當然,在那個環境裡的莉拉,根本不會想到自己代表了女權或代表了工人階級,她只是按照她想要的方式活著,像一個真正的人那樣,有尊嚴的活著。她不是索拉拉家族賺錢的利器,不是她自己父母趾高氣昂的工具,不是斯特凡諾慾望和繁育後代的對象。她只是她自己的目的。她在尼諾那裡獲得了純粹的,一個人對愛人的尊重,即便這種相互的情感如此短暫。
而完成了正規學院教育的人,往往習慣用艱深的知識和姿態彰顯自己,並希望融入主流社會。故事中的反面人物很多,“渣男”代名詞尼諾就是這樣的人,毫無疑問,他聰明好學,思想深刻,但他只是將這些作為他躋身上流的手段。他確實對莉拉動過情,在他的觀念裡,女人可以聰明,但不能聰明過男人。我能想像得出來他在面對莉拉的頭腦的時候的羞憤,某種程度上是和萊努一樣的心態,可是,他作為男人的自尊心不允許他繼續放任自己成為莉拉身後的影子。

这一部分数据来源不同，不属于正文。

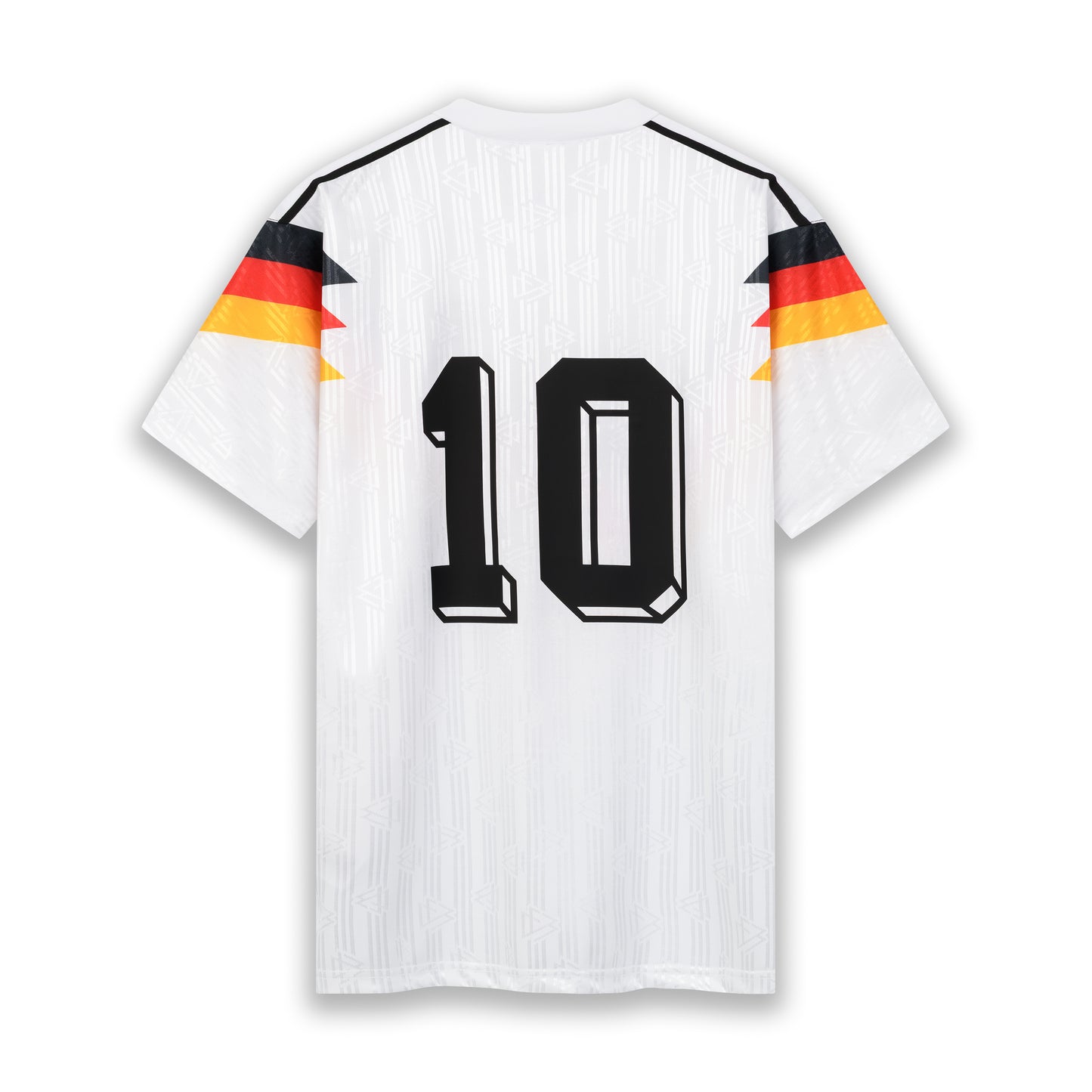 DFB Deutschland 1990, Heim-Trikot, 10 Lothar Matthäus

那些人,無論是放棄了她的,還是得不到她的,最後無一例外都選擇了詆毀她,羞辱她。
她再一次經歷了“界限消失”,那個重新獲得自己和世界關係的時刻,那個曾經堅固的東西崩塌的時刻。她努力營造的生活,開始嘗試接納另一個男人,卻在這一刻被摧毀。
和時代浪潮一起洶湧的,還有兩個人之間的情緒。
我並不認同一些人所說的,這兩個人只是同一個人身上的兩種情緒。我寧願將其看成真實發生的故事,兩個獨自存在的個體。
雖然在萊努的視角里,莉拉一直是閃閃發光的那個,但在不同的人生階段,她們的狀態是完全不同的。莉拉結婚後,一襲長裙肆意飛揚,而跟在她後面的萊努只是個畏手畏腳的學生。萊努似乎接受了這樣的地位對比,所以才會在海邊度假時克制自己對尼諾的感情,潛意識裡,她不認為自己值得尼諾的喜歡。
而跟著萊努視角的我們,也會有同樣的感覺,莉拉就該是那樣的,囂張跋扈,充滿能量,美艷動人。而在命運發生劇變以後,看到她穿著深藍色工作服,眼窩深陷,臉頰因為嚴寒而通紅的時候,觀者會不可抑制地落淚。她站在那兒,篝火將她的臉映得通紅,她淡漠地將萊努帶來的《藍色仙女》——奧利維耶羅老師將其視為珍寶並一直保留——扔進火堆,她割裂了自己和過去的聯繫,她知道自己的天賦,也知道命運沒有給她的天賦哪怕一丁點閃耀的機會。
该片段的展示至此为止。